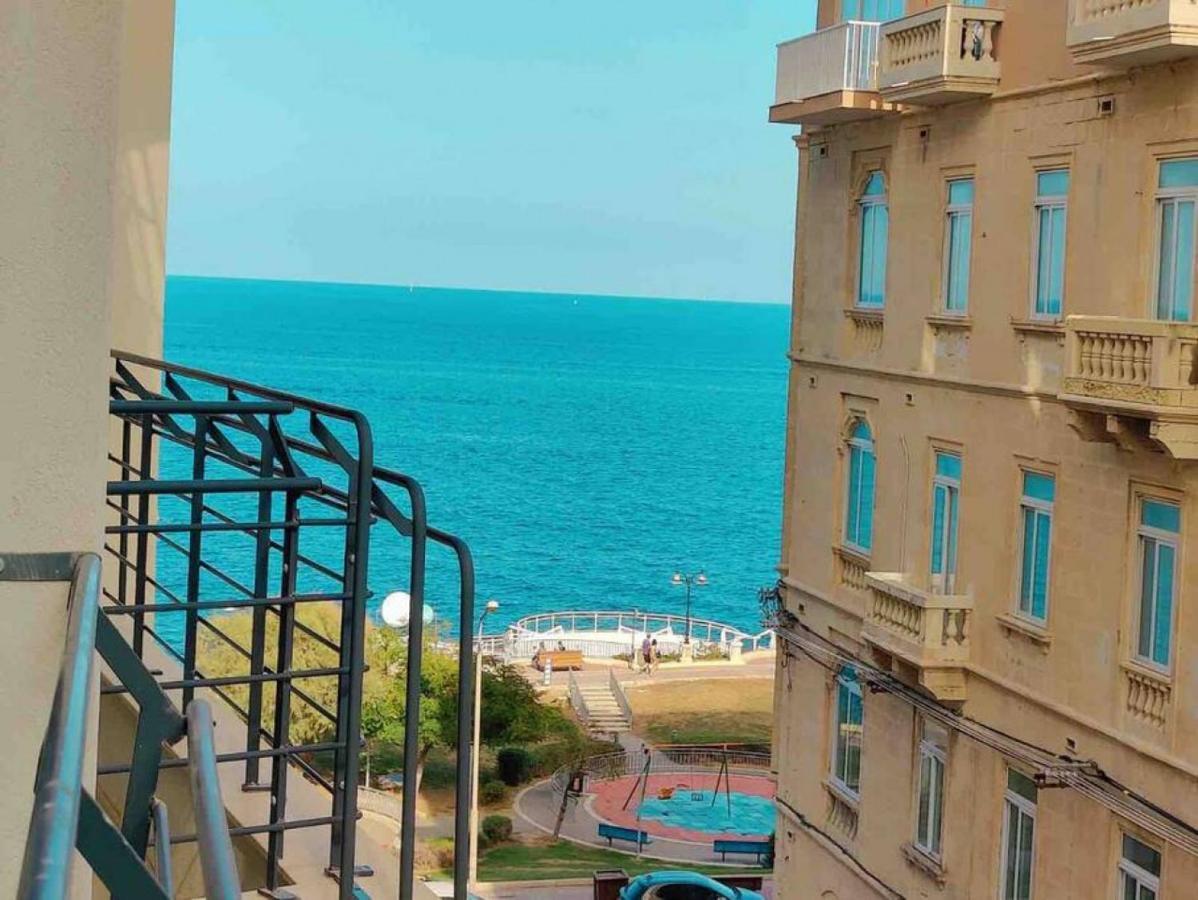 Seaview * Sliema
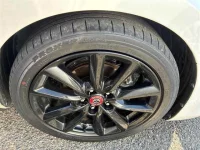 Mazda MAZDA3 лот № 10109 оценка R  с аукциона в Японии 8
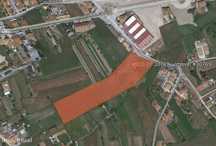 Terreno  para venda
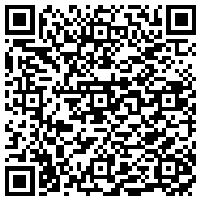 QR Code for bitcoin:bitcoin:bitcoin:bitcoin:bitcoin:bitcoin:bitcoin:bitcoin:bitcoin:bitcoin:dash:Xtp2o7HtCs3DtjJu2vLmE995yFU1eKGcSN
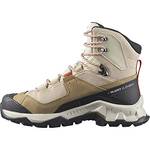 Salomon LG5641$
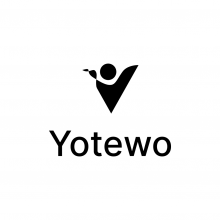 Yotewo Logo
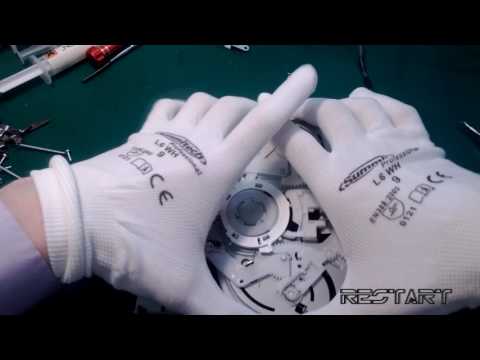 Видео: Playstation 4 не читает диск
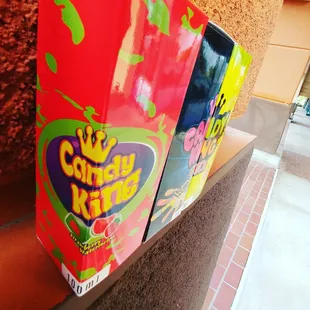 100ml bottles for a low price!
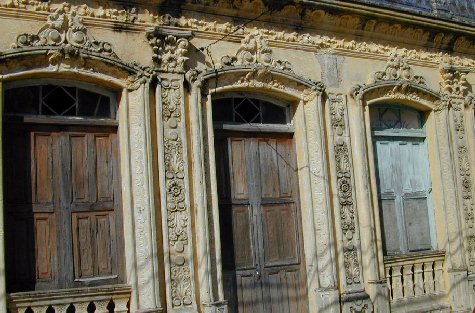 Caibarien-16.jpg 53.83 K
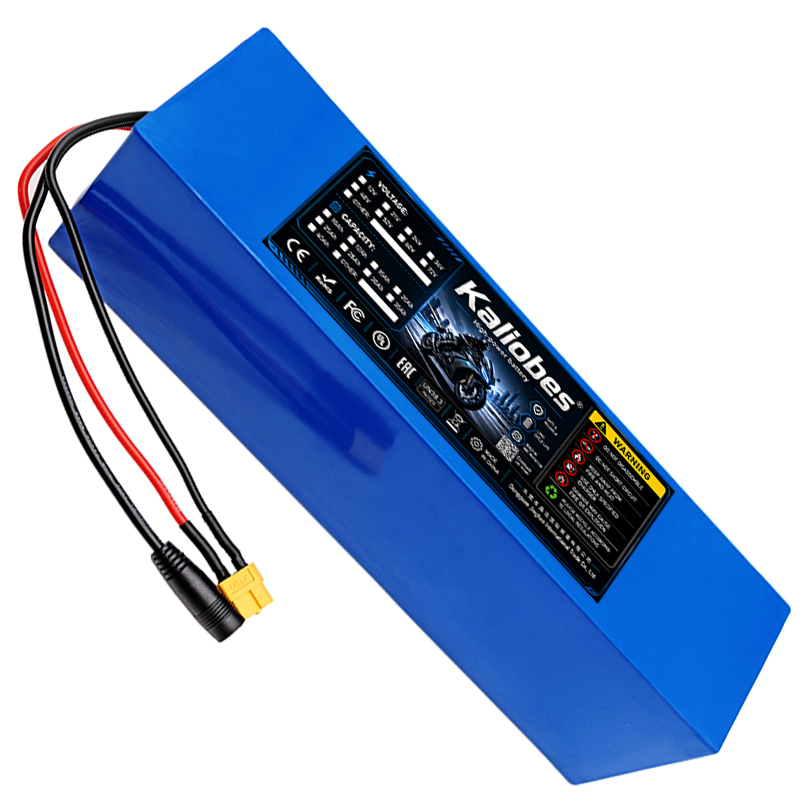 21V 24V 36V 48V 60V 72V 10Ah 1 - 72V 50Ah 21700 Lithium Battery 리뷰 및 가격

== == ==

From top to bottom, restate the records above exactly and omit every picture.

 Seaview * Sliema
 Mazda MAZDA3 лот № 10109 оценка R  с аукциона в Японии 8
 Terreno  para venda
 QR Code for bitcoin:bitcoin:bitcoin:bitcoin:bitcoin:bitcoin:bitcoin:bitcoin:bitcoin:bitcoin:dash:Xtp2o7HtCs3DtjJu2vLmE995yFU1eKGcSN
 Salomon LG5641$
 Yotewo Logo
 Видео: Playstation 4 не читает диск
 100ml bottles for a low price!
 Caibarien-16.jpg 53.83 K
 21V 24V 36V 48V 60V 72V 10Ah 1 - 72V 50Ah 21700 Lithium Battery 리뷰 및 가격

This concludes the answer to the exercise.